Jesus is preparing to be “plucked” from this world. After this prayer in John, He is arrested and the path to the cross begins for Him. As we saw previously, Jesus’ prayer here is for the believers in His name, as Jesus the Christ, Son of the Living God. The name that Jesus speaks of in 11 refers to a surname, a family name. He isn’t talking about the name of Jesus, or even the word “Christ,” but rather what He is saying that as God the Father and the Son are of the same family, those who believed and came to Jesus have remained in the family. You see, as we enter the Kingdom of God, we don’t just become a serf living on the banks of the moat, but we become part of the Royal Family. We take on the name, the coat of arms per se of God. We represent the King.
Did you catch what Jesus says in verse 12? The word “perish” can be a bit misleading. The original text here doesn’t refer to physical death (funny though how He had not been actually betrayed yet though, isn’t it?), but rather He is speaking of one who is lost. The son of perdition is referred to as Judas Iscariot who will soon bring about the arrest of Jesus. Let’s back up a second though; what does He mean that He “guarded them”? He prevented the believers from falling away and getting lost. We have read before that Jesus is called the Great Shepherd. This analogy is yet again seen here, that Jesus kept all of His sheep protected and together so none would be “lost,” except of course the one who was supposed to “lose his way” in order for prophecy to be fulfilled. This adds to my theory about if we can truly “fall out of faith” on our own. Jesus has the power to prevent that from happening. In fact, it seems here like He allowed it to happen to serve His purpose.

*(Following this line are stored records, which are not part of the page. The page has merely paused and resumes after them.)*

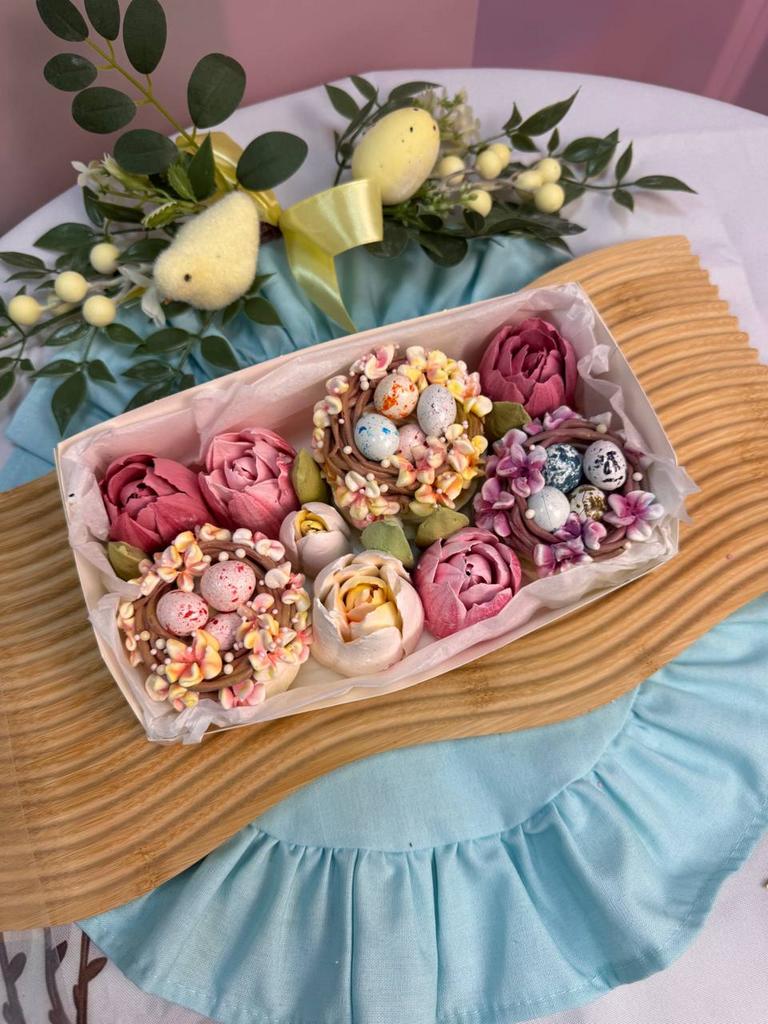 Красивый пасхальный набор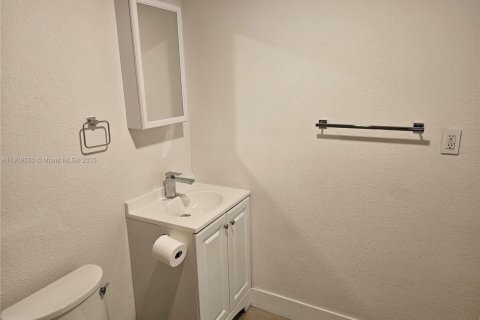 Снять в аренду виллу или дом в Майами, Флорида 2 спальни, 266.35м2, № 1965196 - фото 24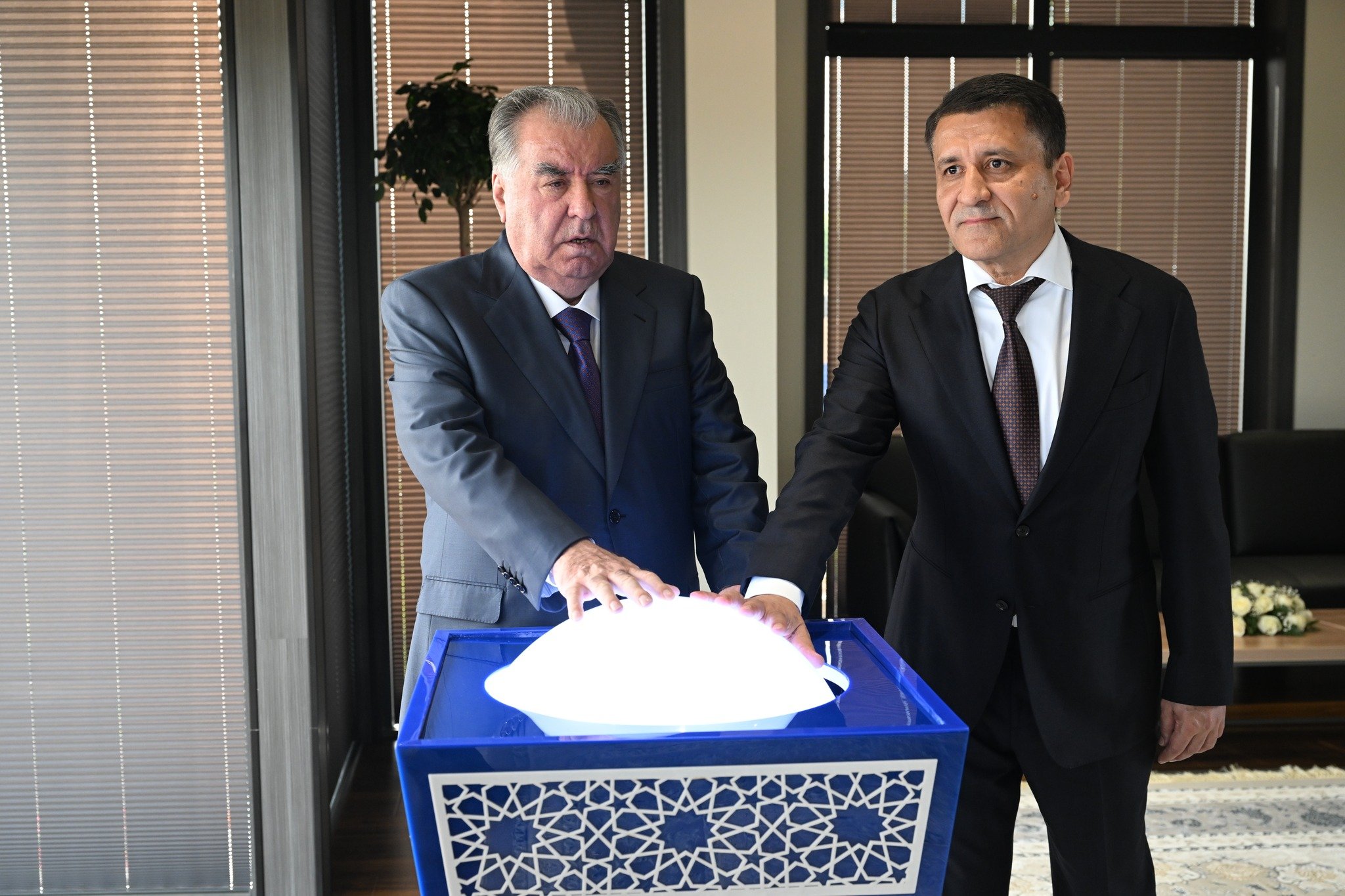 Ба истифода додани марҳилаи дуюми корхонаи истеҳсоли маҳсулоти саноатии Корхонаи муштараки Муосир дар деҳаи Ғиҷоваки деҳоти Пушинги ноҳияи Данғара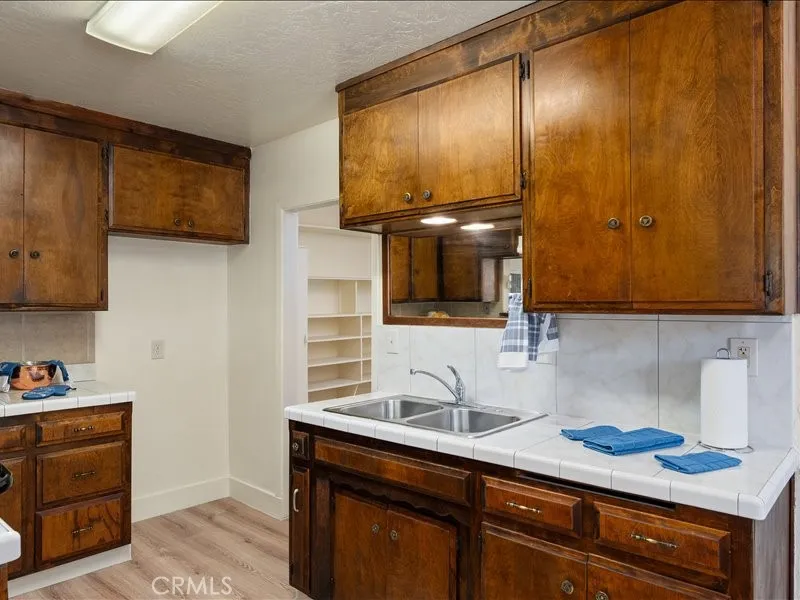 1220 Long Bar Road Oroville, CA 95966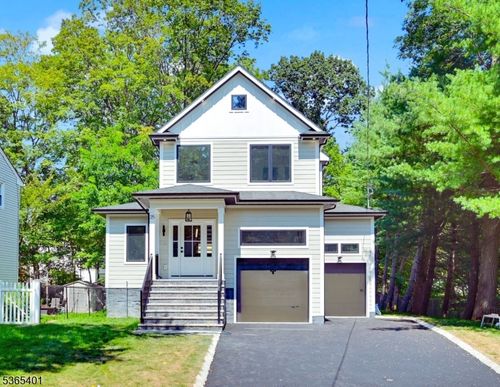 25 Wardell Rd, Livingston, NJ, 07039-4422 | Card Image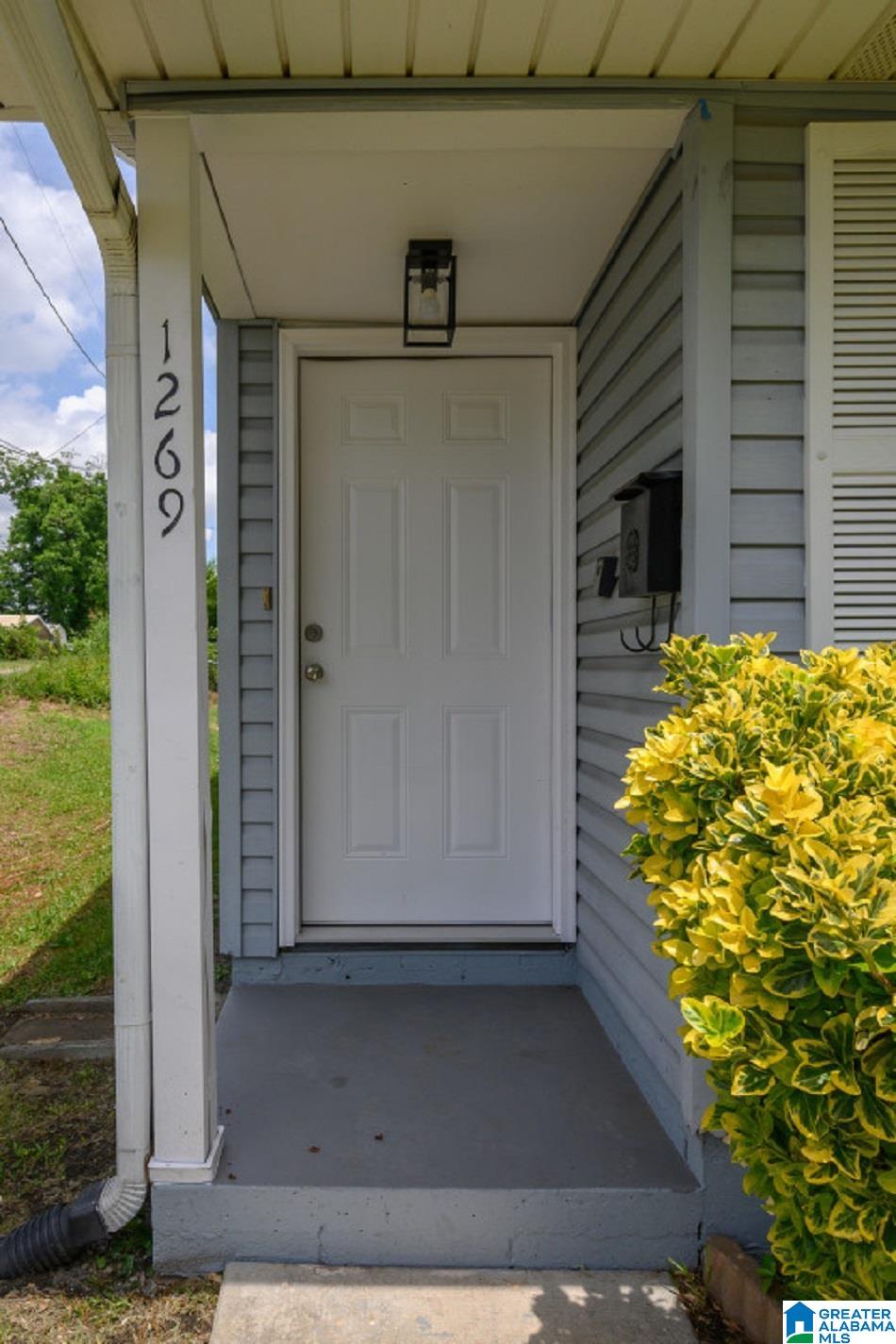 1269 ELM AVENUE
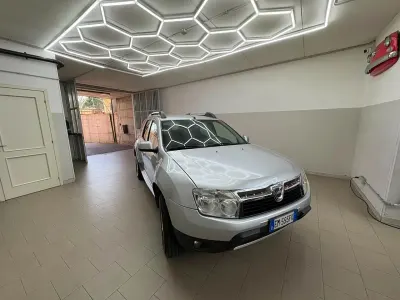 Usata Dacia Duster 104 CV (76 kW) 2012 Argento SUV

I’m curious if Jesus meant a play on words between 12 and 13, or if it is just the same word used for both instances in the Greek. We assume that Jesus usually spoke in either Hebrew or Aramaic since they were the spoken Jewish tongues of the time, even though the New Testament was written in Greek as the common trade language. The word used for the fulfillment of prophecy in verse 12 is the same word used in 13 to indicate the fulfillment of joy in the disciples. This is referring to the coming of the Holy Spirit which Jesus spoke of to the disciples in chapter 16.

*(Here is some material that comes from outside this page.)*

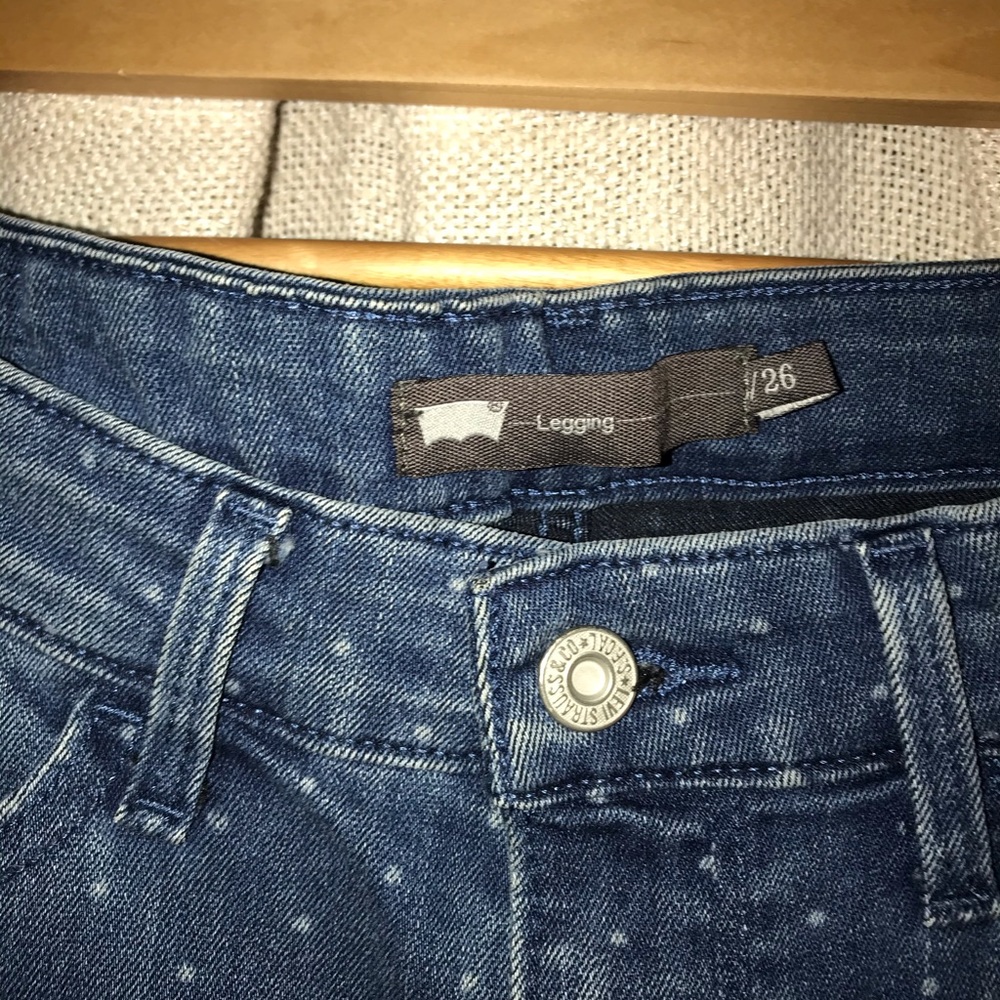 Levi’s - Picture 3 of 5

In John 15:18-27 Jesus spoke of the world hating the followers of Christ because they are not of the world and because the world hates Him, they will hate them as well. I find it quite interesting that “Your word” here is the same word that is used in the beginning of John to describe Jesus as “The Word.” Jesus gave Himself. He gave the truth of God to the disciples. I think it is easy for us to confuse what this truly means because in English, “word” can mean different things. We call Jesus “The Word” and we also refer to the bible as “The Word of God,” yet we also use it so mean “spoken word.” Logos, the Greek term used here refers to the embodiment of something. When we speak of language, we think it is mere communication but in reality our language reveals much more than that. It reveals who we truly are. Jesus here is saying that He related to the believers, those who have earnestly sought out God and His revelation of truth, the essence of God. Jesus, the embodiment and essence of God on earth, the open door to His Kingdom revealed it all to the disciples. We read not too long ago that they didn’t finally get it until just now.

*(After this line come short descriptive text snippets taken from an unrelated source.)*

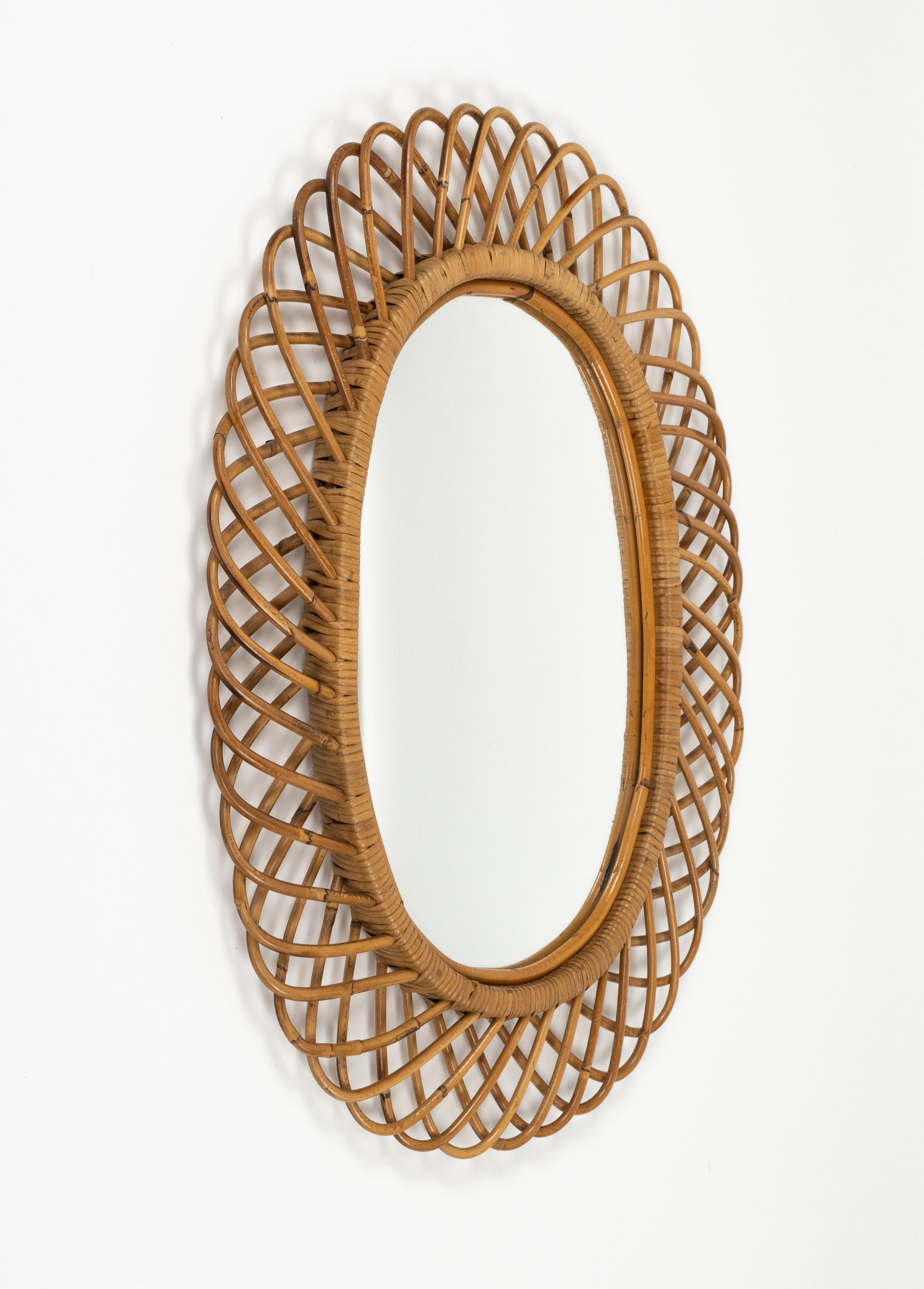 Italiano Specchio da parete ovale in rattan e bambù del Medioevo di Franco Albini, Italia 1960 in vendita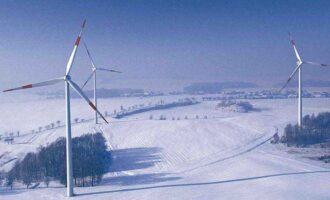 Vestas ordre til Polen enl 330x200 - Устройство промышленных ветрогенераторов большой мощности: размеры ветряка, сравнительные характеристики и промышленное применение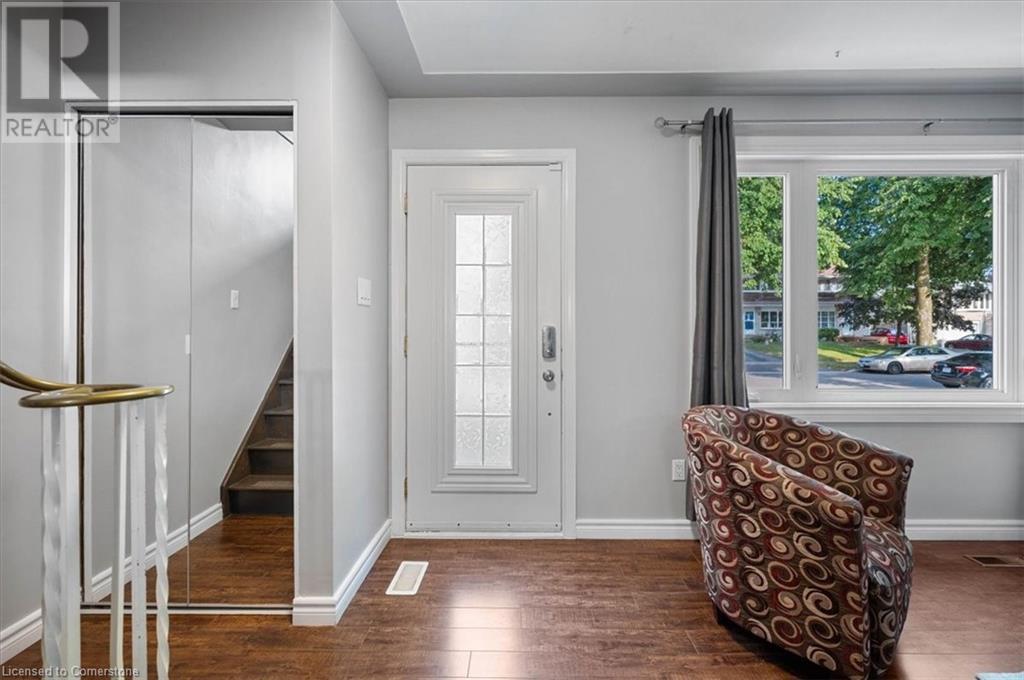 63 Cartier Drive, Kitchener, Ontario  N2E 1E3 - Photo 3 - 40641143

Jesus recognizes that we have a purpose here on earth. He recognized His own purpose. This is why He specifies that we aren’t to be taken out of this world, but rather preserved in it to carry out the mission to which He has called us. The word “keep” that Jesus uses here is the same word that is used in verse 12 when Jesus refers to guarding the believers. Jesus is praying for the preservation of believers in the exact same way that He preserved them while He walked the earth: with the power of the Holy Spirit.
Are you living of the world today? Have you asked God to preserve and protect you by the Holy Spirit? Where do you need protection from the evil of this world?